Die ikonische Differenz bezeichnet die Grundbedingungen, unter denen Bilder – also materialkodifizierte, visuell zugängliche Systeme Bedeutung generieren. So erzeugen Bilder Sinn. Denn Bilder sind Referenzsysteme. Sie generieren ihre Bedeutung dadurch, dass sie sich beziehen. Lingustisch gesprochen beziehen sie sich auf vorhandene Texte und schaffen so etwas wie eine Anschauung von ihnen. Somit liegt der Prätext außerhalb des Bildes, indem er aber den Sinn des Bildes begründet.

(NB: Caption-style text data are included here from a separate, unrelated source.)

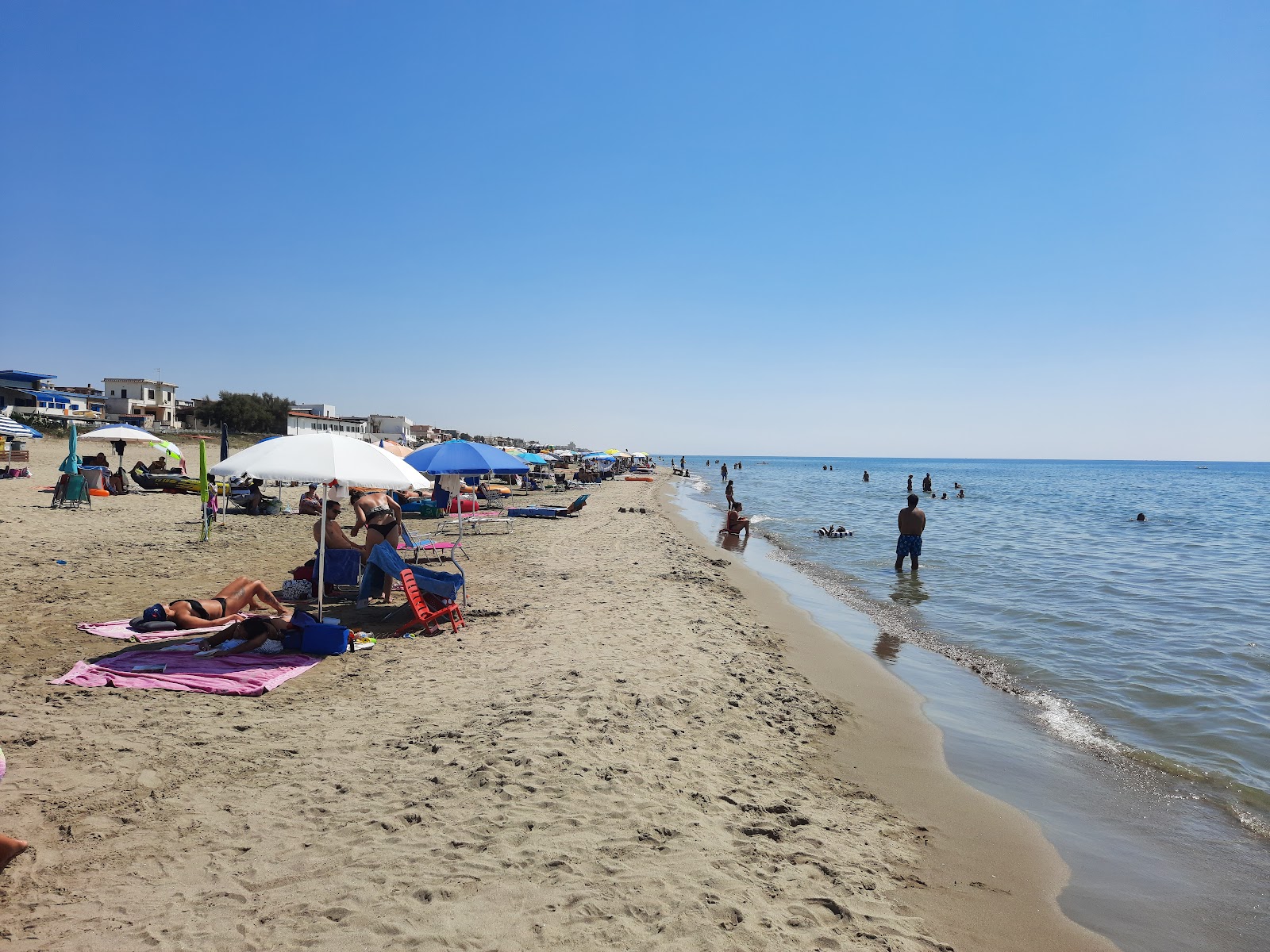 Foto di Spiaggia di Rio Torto con una superficie del sabbia beige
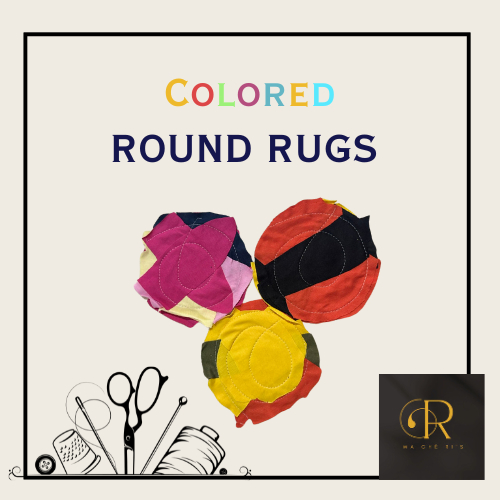 Colored Round Rugs, White Round Rugs 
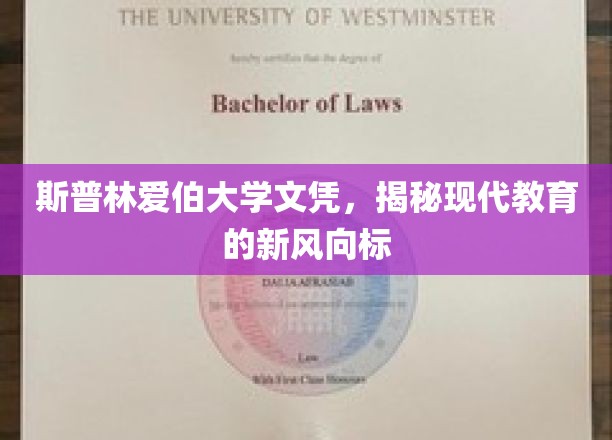 斯普林爱伯大学文凭引领现代教育变革潮流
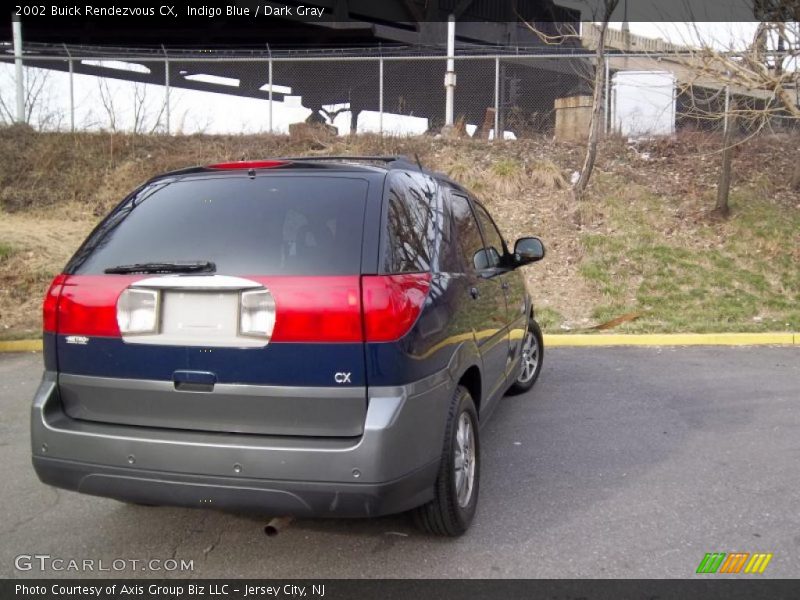 Indigo Blue / Dark Gray 2002 Buick Rendezvous CX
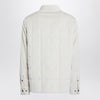 Moncler Grenoble White padded overshirt jacket Gelt
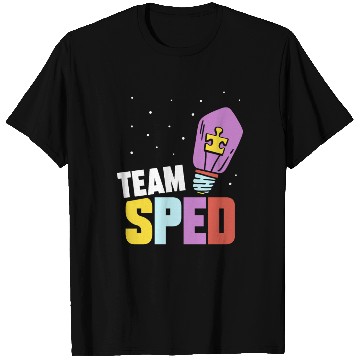 Discover Team Sped Special Education Teacher Awareness T Shirts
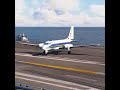 Amazing Take Off Grumman Gulfstream G159 PAX from an Aircraft Carrier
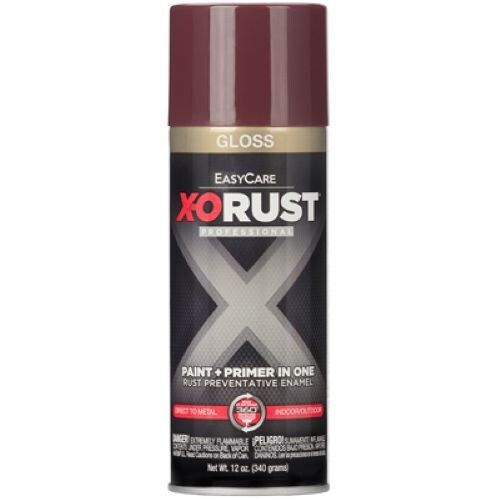 X-O Rust XOP40-AER 12 oz Can of EasyCare Gloss Shutter Burgundy Spray Paint
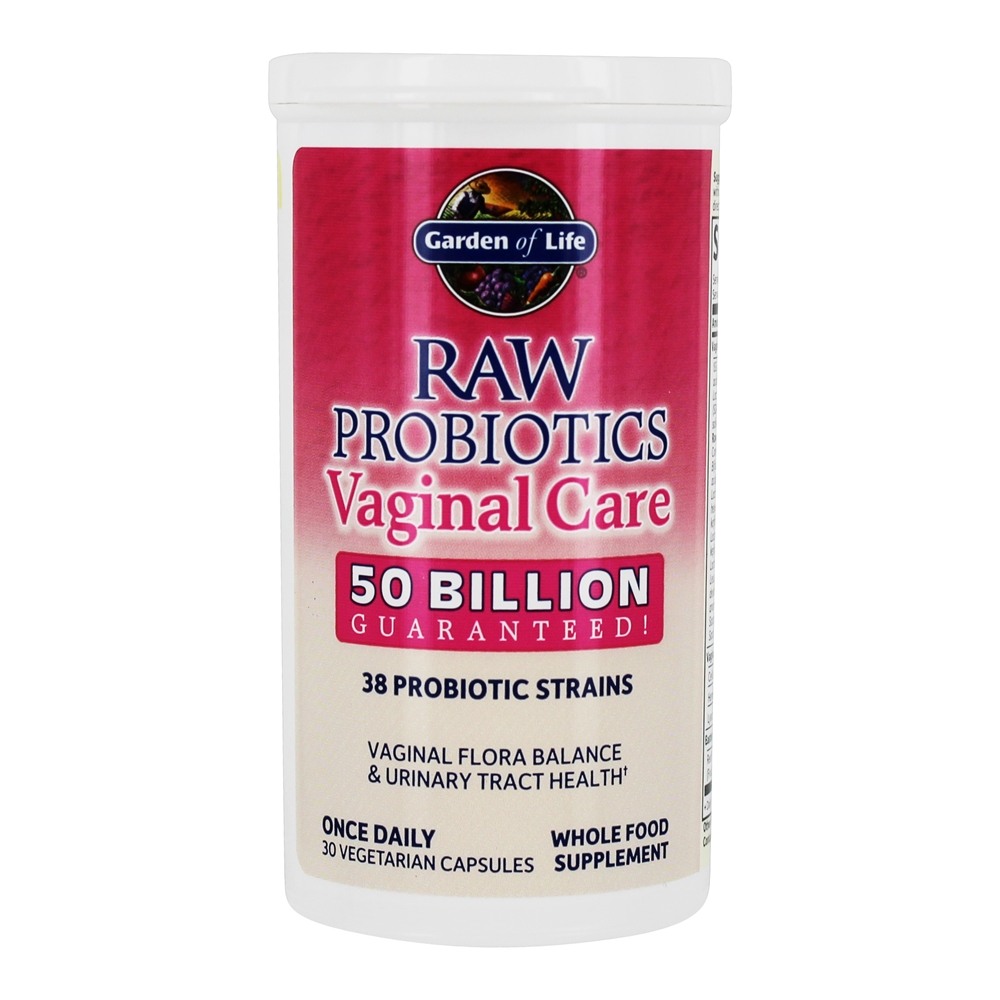 Raw Probiotics Cuidado Vaginal 50 Bilhões de UFC - Cápsulas vegetarianas 30 Garden of Life - Imagem 2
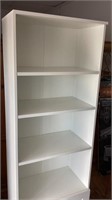 6’2” white cabinet with adjustable shelves, 2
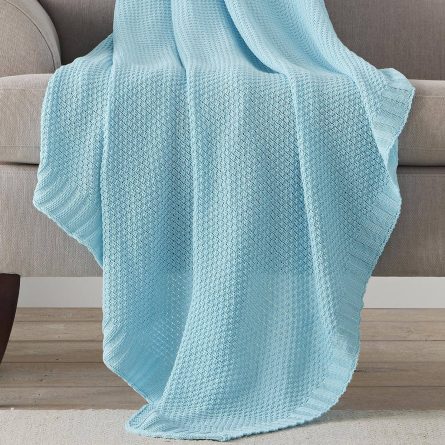 Plaid tricot ARROZ de Lanovenanube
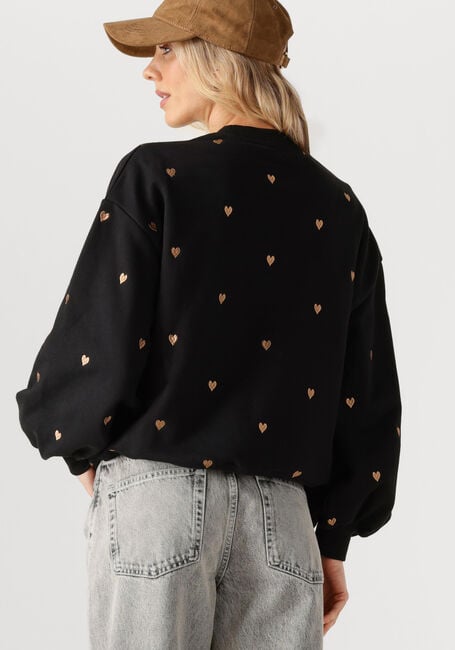 Schwarze YDENCE Pullover SWEATER HEARTS - large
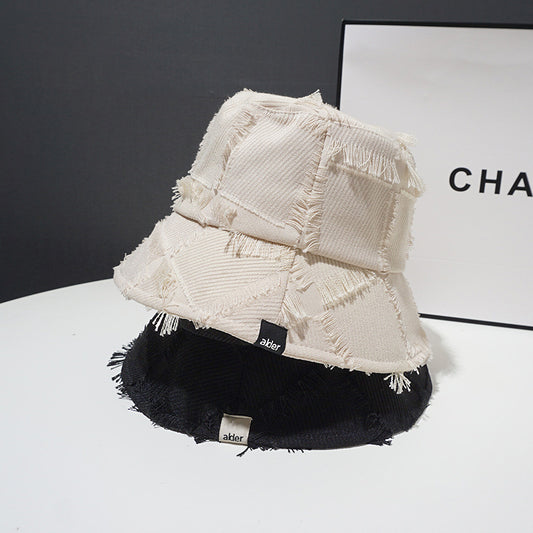 Beaira Spring and summer new Korean fisherman hat, children's designer style, personalized bucket hat, small face, sun protection hat,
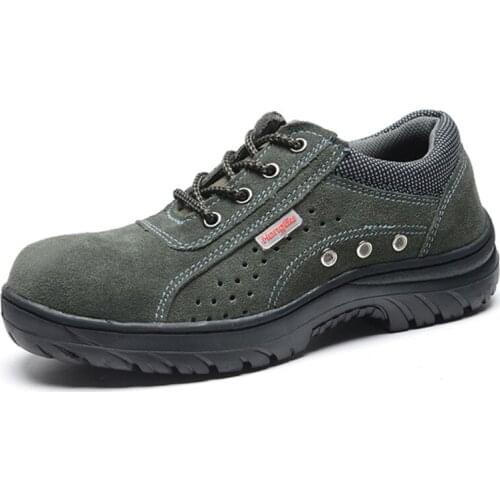 New Men Shoes Steel Toe Shoes Work Safety Boot Breathable Slip On work boots Sneakers Shoes Anti-smashing Piercing Safety Shoes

Das Bild funktioniert als autopoietisches System auf Seiten der Materialität, der Wahrnehmung und auf Seiten des Kontextes, in den es gestellt wird.
Kann das Auge “denken”? Kann es Einsichten gewinnen?
Ja, durch Anschauungsnähe und damit verbundener Anschlussfähigkeit!
Das “Auge” gewinnt Anblicke. In diesem Wahrnehmungsprozess wird das Sichtbare so zurechtgerückt, dass es sich “zeigt”, dass es sich darbietet. Das Auge bringt den Blick so ins Spiel, dass sich eine Sache aufschließt, indem sie sich auf uns hinordnet. Das ist gemeint, wenn wir davon sprechen, “wir machen uns ein Bild”. Es bedeutet nichts anderes als ein visuelles Entsprechungsverhältnis herzustellen.
Mit dem Auge denken bedeutet, aufbder elementaren visuellen Ebene eine anschauliche Korrespondenz ausfindig machen.
Der Betrachter schafft sich Anblicke, der Anblick ist das blickende Tun. Damit wird das Auge selbst “bildend”! Es aktiviert ein Vermögen, das darin besteht, anschauliche Entsprechungen auszukundschaften. (vgl. I.Kant: Einbildungskraft)
Der “Blick” wird zu einem “Anblick”, er verschränkt sich mit der Sache, dem Objekt.
Denn Bilder besitzen eine eigene nur ihnen zugehörige Logik, wobei unter Logik verstanden wird eine konsistente Erzeugung von Sinn aus genuin bildnerischen Mitteln. Diese Logik ist erst einmal nicht-prädikativ, nicht nach dem Muster eines Satzes oder anderer Sprachformen gebildet. Eigentlich wird diese Logik nicht gesprochen, sondern wahrnehmend realisiert.